▶ [What is needed]: Only the lines from the one bearing "Christmas hot mulled" through the end of the entries should be output, exactly as they stand, and pictures should be skipped.

─── Material for this exercise ───

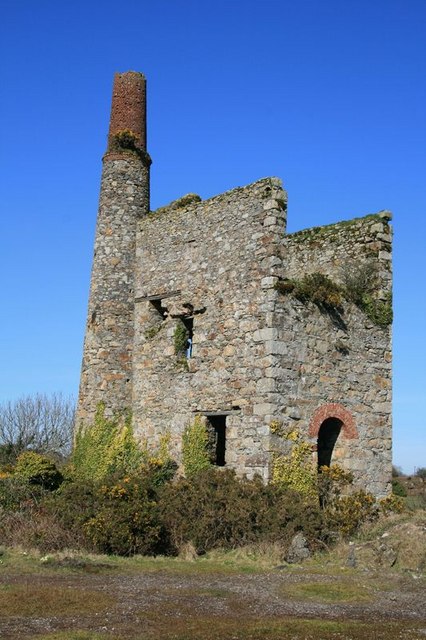The Grade II-listed Victorian pumping engine house at Read's Shaft, Hallenbeagle Mine, photographed beside the Redruth-Truro railway line.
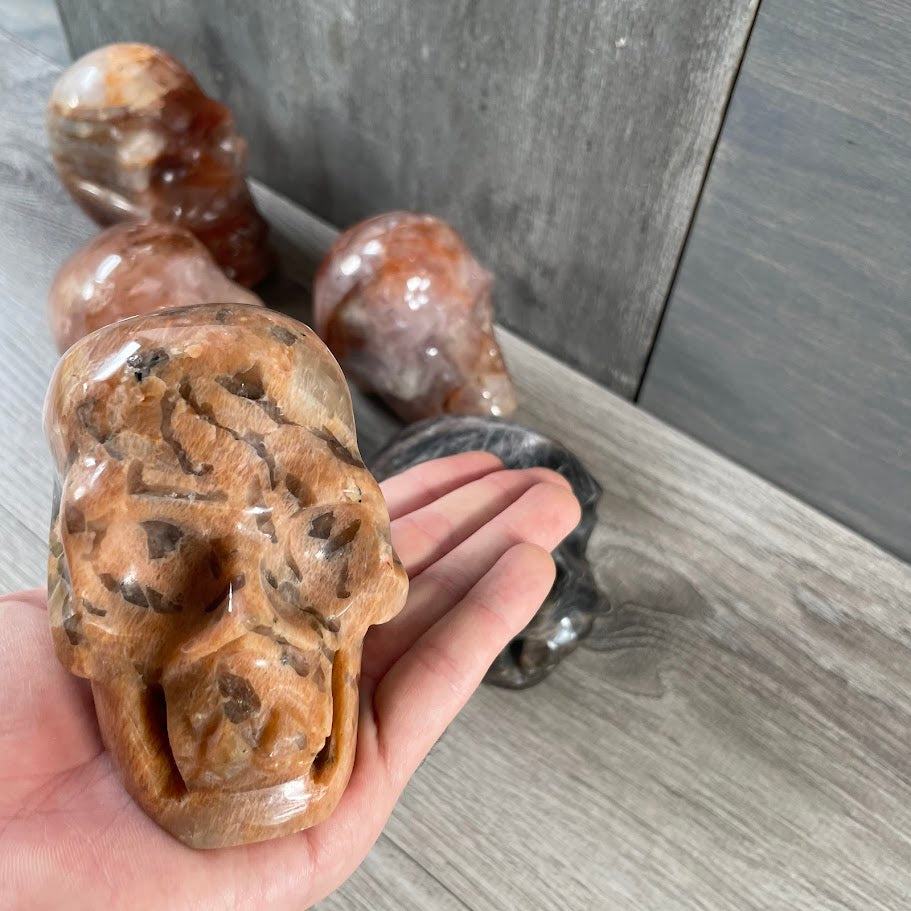 Close up of peach moonstone skull with other skulls in the background. 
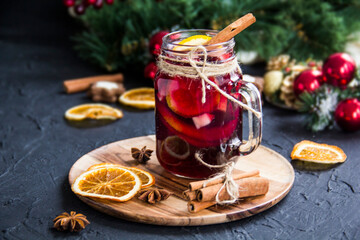 Christmas hot mulled wine with cinnamon cardamom and anise. Dark vintage dirty background. Creative...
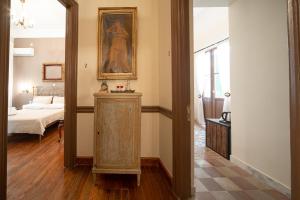 a hallway with a mirror and a room with a bed at Beautiful City Suites in Athens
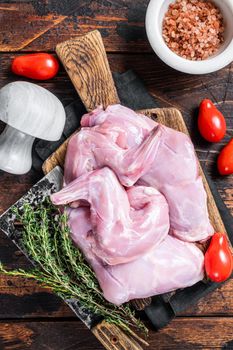 Raw hare legs on a butcher board with thyme. Dark wooden background. Top view.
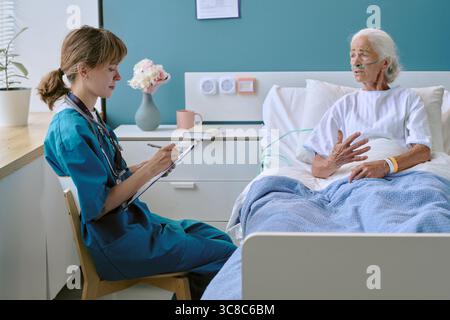 Infermiera donna caucasica intervista donna caucasica anziana giacente nel letto di ospedale Foto Stock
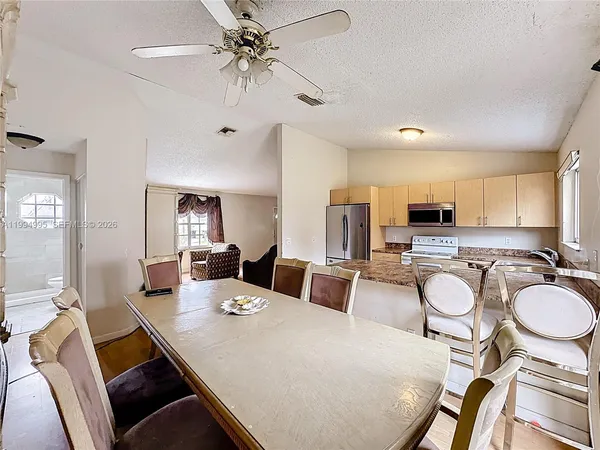 a view of a dining room with furniture and a chandelier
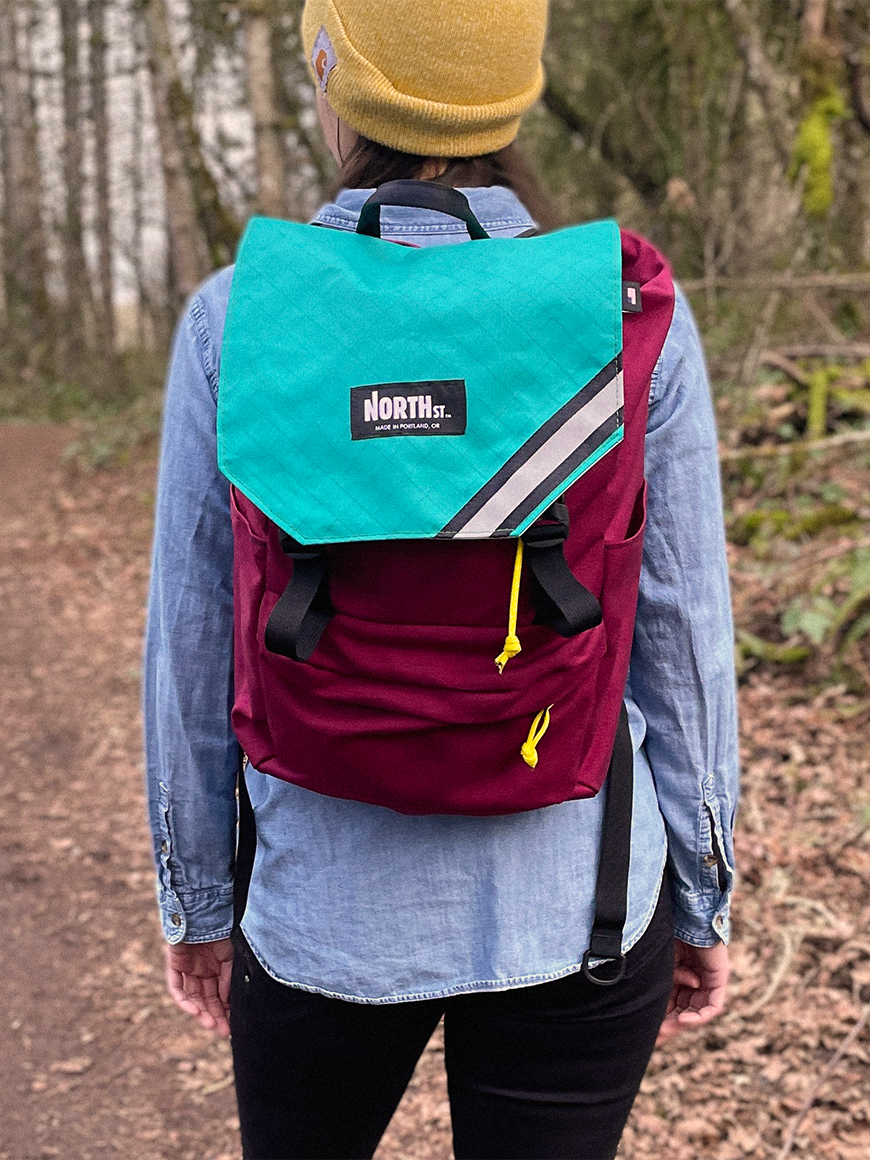 Woman wearing Belmont Backpack 22L on a hiking trail - North St. Bags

───

▶ [Exercise output]:
 Christmas hot mulled wine with cinnamon cardamom and anise. Dark vintage dirty background. Creative...
 a hallway with a mirror and a room with a bed at Beautiful City Suites in Athens
 Raw hare legs on a butcher board with thyme. Dark wooden background. Top view.
 Infermiera donna caucasica intervista donna caucasica anziana giacente nel letto di ospedale Foto Stock
 a view of a dining room with furniture and a chandelier
 Woman wearing Belmont Backpack 22L on a hiking trail - North St. Bags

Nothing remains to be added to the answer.